However, such a cooling operation is insufficient in some cases. Especially, the low temperature water producing operation is carried out in a state where outside air temperature is high, and the water refrigerant heat exchanger 6 becomes a condenser. Hence, the air refrigerant heat exchanger 8 is brought into a high temperature state, and even if the air refrigerant heat exchanger 8 is cooled by the air blower 11, the radiating fin 16b cannot be cooled sufficiently in some cases.

[0081] Especially, since the control substrate 16 is covered with the power source box 21, heat generated in the control substrate 16 does not escape, and there is a tendency that the power source box 21 is brought into high temperature.

[0082] Generally, endurance of a capacitor used in an inverter depends on temperature, and temperature induces an effect on its lifetimes. Generally, Arrhenius rule is established between temperature and lifetime. If temperature rises by 10°C, evaporation speed of electrolytic solution used in the capacitor becomes two times and the lifetime becomes 1/2 and thus, this is also called "10°C two times rule".

[0083] A general electrolytic capacitor is specified in "105°C - 2,000 hours" in many cases. However, in the case of 2,000 hours, if operation is carried out for ten hours a day and this is continued for 150 days, the lifetime of the capacitor becomes one year and four months, and this is shorter than two years.

[0084] On the other hand, in atmosphere of 85°C which is lower than the former case by 20°C , lifetime of the electrolytic capacitor becomes 8,000 hours which is four times of the former case.
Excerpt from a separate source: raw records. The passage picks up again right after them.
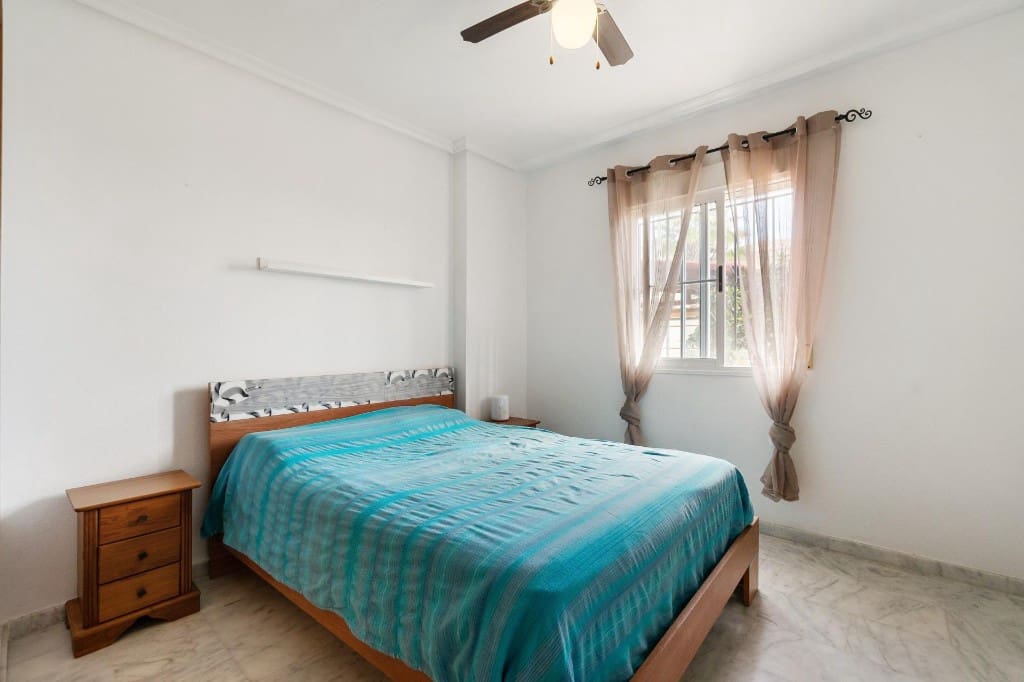 4 bedroom Villa for sale in Orihuela Costa with pool - € 450,000 (Ref: 9440364)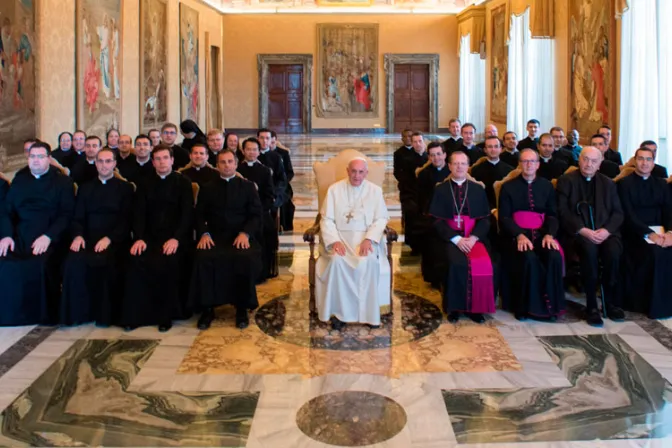 Papa Francisco a futuros representantes pontificios: Sean custodios de la verdad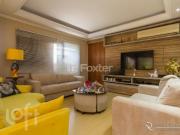 Apartamento com 3 dormitórios em Porto Alegre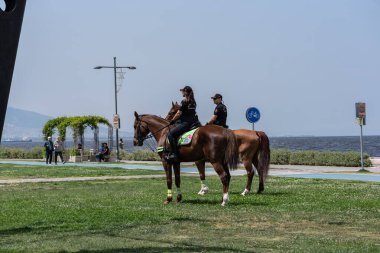 05.01.2022, Alsancak, Türkiye, İzmir 1 Mayıs 'ta düzenlenen gösteriler sırasında güvenlik görevinde bulundu.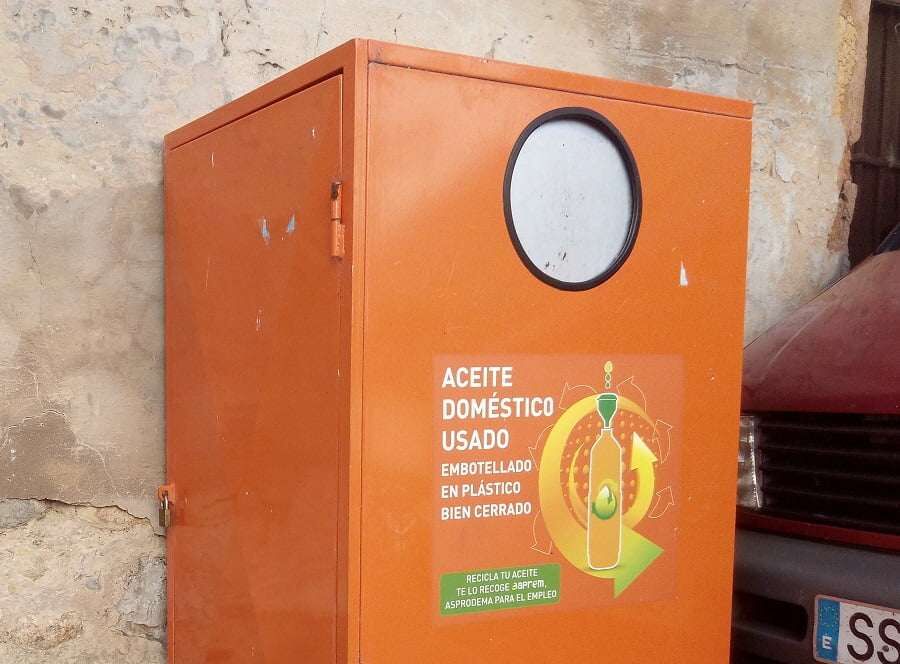 Garden skip for disposing of large building waste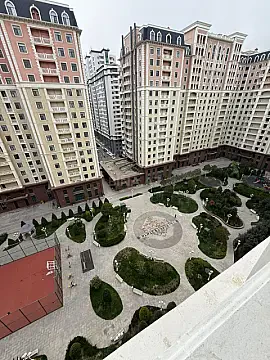 Satılır 3 otaqlı mənzil 125 m² — Bakı 3 otaq 125.00 m²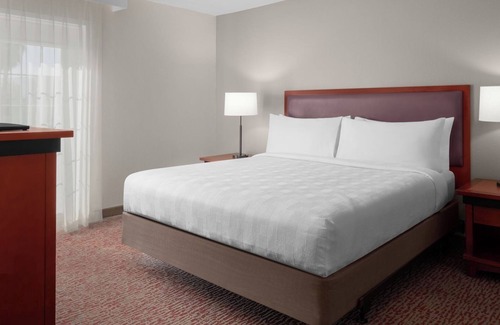 The East Side Hotel | Ideal Group Retreat – Two 1BR Suites w/Kitchen & Living Area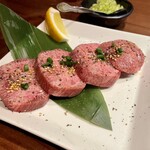 Noto Ushi Sumi Biyaki Nikugammon - 厚切りタン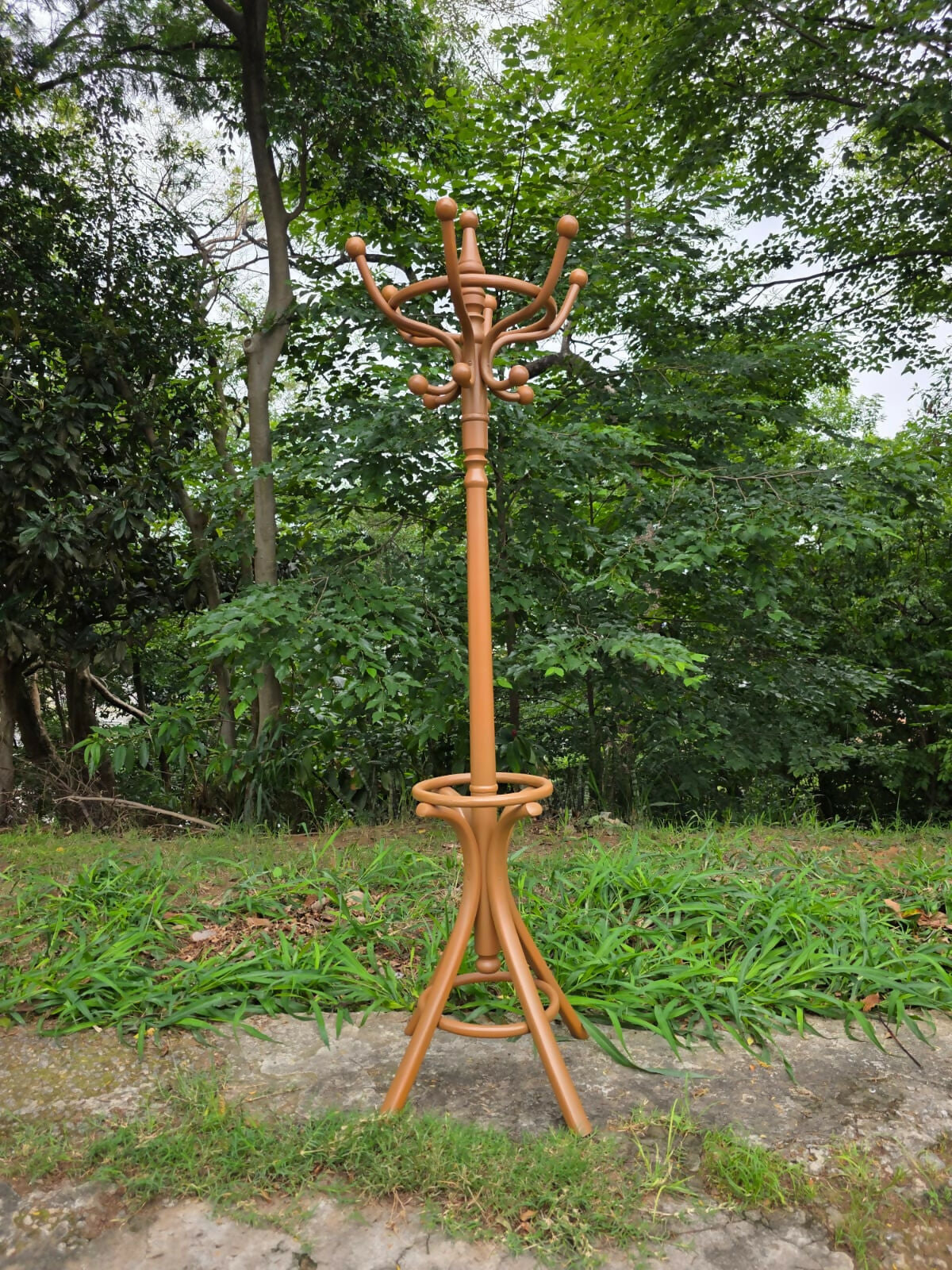 Mancebo Autriaco Guerdau, década de 60, madeira vergada e pintada.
Further, if the temperature can be 75°C which is lower by 10°C, the lifetime of the electrolytic capacitor becomes 16,000 hours. If the lifetime is 16,000 hours, even if the electrolytic capacitor is used for ten hours a day and the electrolytic capacitor is operated for 150 days in the course of the year, and the electrolytic capacitor can be operated without any problem more than 10 years.

[0085] This is one example, but other control parts have the same tendency. It is extremely important to lower the temperature of the control substrate 16 in terms of reliability and quality.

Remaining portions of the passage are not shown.